Jam 8 pagi bis kami sudah melaju meninggalkan Pamukkale menuju Konya. Ini perjalanan paling panjang dan lama. Sesekali bis berhenti di rest area. Aturan dalam lalu lintas jalan raya di Turki sangat tertib dan boleh dijadikan contoh untuk di Indonesia. Setiap bis luar kota harus berhenti di suatu rest area untuk setiap beberapa jam/km tertentu. Ini untuk memberikan kesempatan sang sopir istirahat. Mobil juga harus melaju dengan kecepatan tertentu yang telah ditentukan. Dan kepolisian jalan raya akan memeriksa data-data ini, selang beberapa waktu secara rutin. Pantesan tidak ada kendaraan yang melaju seperti jet seperti yang biasa kita dapati diperjalanan luar kota di Indonesia.
|
Gunung salju dibelakang sana view yang diambil saat berhenti di rest area |
Jam 12 siang kami kembali singgah di sebuah resto yang menyajikan makanan seperti sayap (entah sayap apa karena sayapnya kecil-kecil sekali) yang dipanggang. Sepertinya kebiasaan orang Turki selalu makan dengan jumlah banyak, untuk setiap peserta dalam sepiring menu yang disajikan terdapat 6 potong lebih sayap bakar itu. Aku mencoba menggigit hidangan itu. Hmmmm...enak sekali. Rasa bumbu rempah sangat terasa, terasa ada rasa manis mirip ayam bakar madu. Aku menyantap semua spicy wing tersebut tanpa menyentuh hidangan lain yang juga disajikan. Selanjutnya ditutup dengan hidangan penutup berupa potongan sunkist. Alhamdulillah sejak kemarin lidahku mulai berasa cocok dengan sajian khas lokal Turki. WRP diet nya disimpen lagi.

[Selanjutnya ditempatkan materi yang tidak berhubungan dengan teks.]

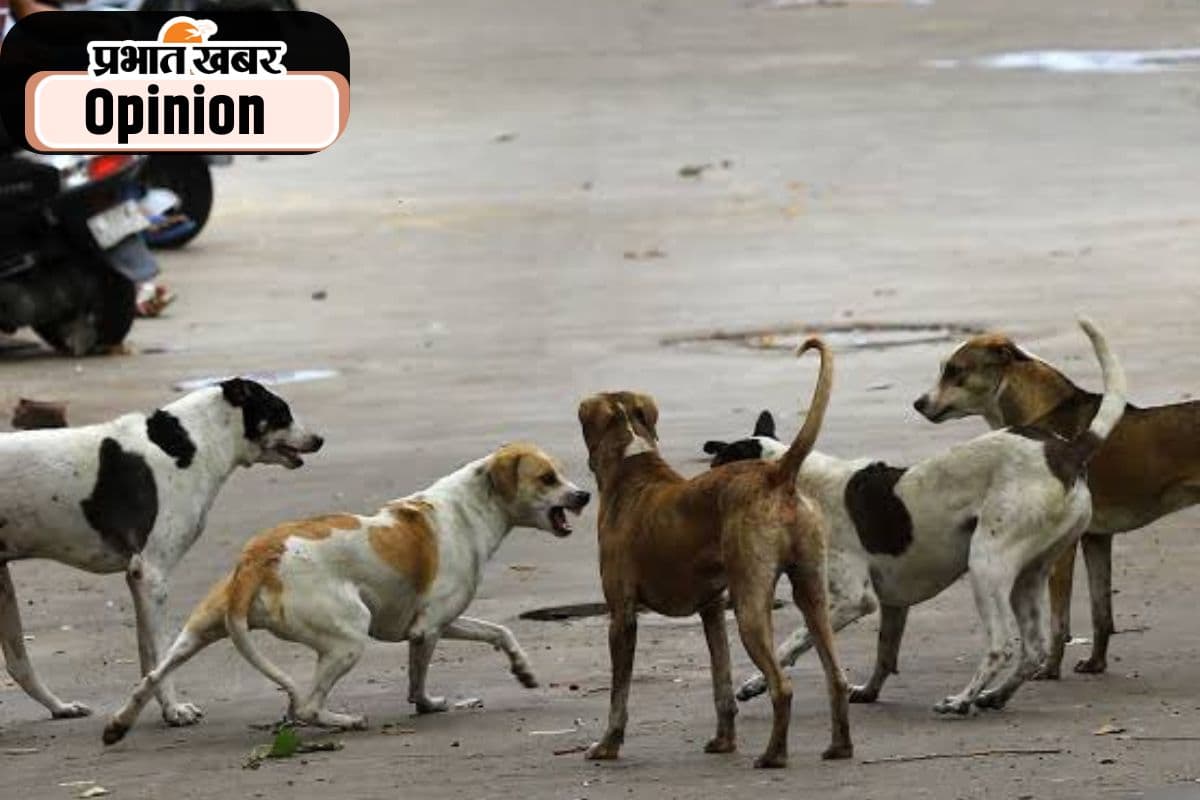 आवारा कुत्तों पर अदालत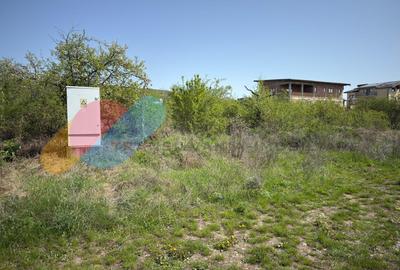 Teren intravilan 1000 mp, zona Giuseppe Verdi - 4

Usai santap siang kami melaksanakan sholat Dzuhur dan Ashar di mushollah resto. Dan setelah itu kembali melanjutkan perjalanan.
MEVLANA MUSEUM
Masih ditengah cahaya matahari yang terang benderang dan menyengat kami memasuki area kompleks Mevlana Museum, yang didalamnya terdapat tempat tinggal sekaligus makam Jalaluddin Rumi, yang hingga kini masih rutin dikunjungi oleh peziarah lokal, yang mencapai 1,5 juta orang pertahunnya
Jalaluddin Rumi sebenarnya dilahirkan di Afghanistan pada tahun 1207. Lalu ia melarikan diri ke Iran bersama keluarganya dari invasi tentara Mongolia. Setelah melakukan perjalanan haji ke Mekkah, mereka pindah ke Erzincan dan beberapa kota lainnya di Turki, sebelum akhirnya menempati Konya atas permintaan pimpinan Bani Seljuk, Alaeddin Keykubad.
Ayah Rumi adalah seorang alim ulama terpandang dan disegani. Kemudian, tahun 1244 menjadi titik balik kehidupan Rumi ketika ia bertemu seorang pengembara sufi yang juga murid ayahnya, Syamsuddin Muhammad Tebrizi. Rumi banyak belajar tentang sufi dari Syems, panggilan akrab Syamsuddin, dan sering menghabiskan waktu bersamanya, yang menimbulkan kecemburuan di kalangan murid-murid Rumi. Konon, Syems kemudian dibunuh, tetapi versi lain menyebutkan Syems bersembunyi, yang membuat Rumi sangat terpukul, sehingga ia mengasingkan diri dari dunia luar. Dalam pengasingannya itu ia menulis karya puisi Mathnawi dan beberapa kumpulan puisi lainnya yang ditulis dalam bahasa Persia.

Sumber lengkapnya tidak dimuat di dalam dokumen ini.